- [Task details]: Begin at the line below that has "Kątownik i niebieski" and stop after the line that has "Mujer madura trabajando". Please restate only those lines, word for word.

- [Data entries]:
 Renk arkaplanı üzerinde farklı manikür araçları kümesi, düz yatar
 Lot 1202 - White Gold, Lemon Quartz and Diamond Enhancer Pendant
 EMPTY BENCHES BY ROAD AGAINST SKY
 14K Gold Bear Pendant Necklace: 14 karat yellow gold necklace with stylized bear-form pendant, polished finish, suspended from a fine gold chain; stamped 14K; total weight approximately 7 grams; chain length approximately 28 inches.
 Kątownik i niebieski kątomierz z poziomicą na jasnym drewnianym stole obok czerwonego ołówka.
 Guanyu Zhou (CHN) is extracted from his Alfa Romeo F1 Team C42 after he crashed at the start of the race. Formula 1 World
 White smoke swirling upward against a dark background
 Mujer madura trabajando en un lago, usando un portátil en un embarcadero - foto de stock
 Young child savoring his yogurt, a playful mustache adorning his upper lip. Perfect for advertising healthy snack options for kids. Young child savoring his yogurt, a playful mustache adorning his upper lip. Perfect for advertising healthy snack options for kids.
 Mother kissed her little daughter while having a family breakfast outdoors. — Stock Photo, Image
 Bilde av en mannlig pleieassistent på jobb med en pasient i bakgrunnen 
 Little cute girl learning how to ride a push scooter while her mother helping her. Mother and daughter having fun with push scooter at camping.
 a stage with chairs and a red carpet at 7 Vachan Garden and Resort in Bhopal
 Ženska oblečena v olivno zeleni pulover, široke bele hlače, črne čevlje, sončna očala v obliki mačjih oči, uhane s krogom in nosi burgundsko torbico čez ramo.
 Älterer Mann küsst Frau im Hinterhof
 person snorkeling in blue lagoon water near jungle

- [Solution to the problem]:
 Kątownik i niebieski kątomierz z poziomicą na jasnym drewnianym stole obok czerwonego ołówka.
 Guanyu Zhou (CHN) is extracted from his Alfa Romeo F1 Team C42 after he crashed at the start of the race. Formula 1 World
 White smoke swirling upward against a dark background
 Mujer madura trabajando en un lago, usando un portátil en un embarcadero - foto de stock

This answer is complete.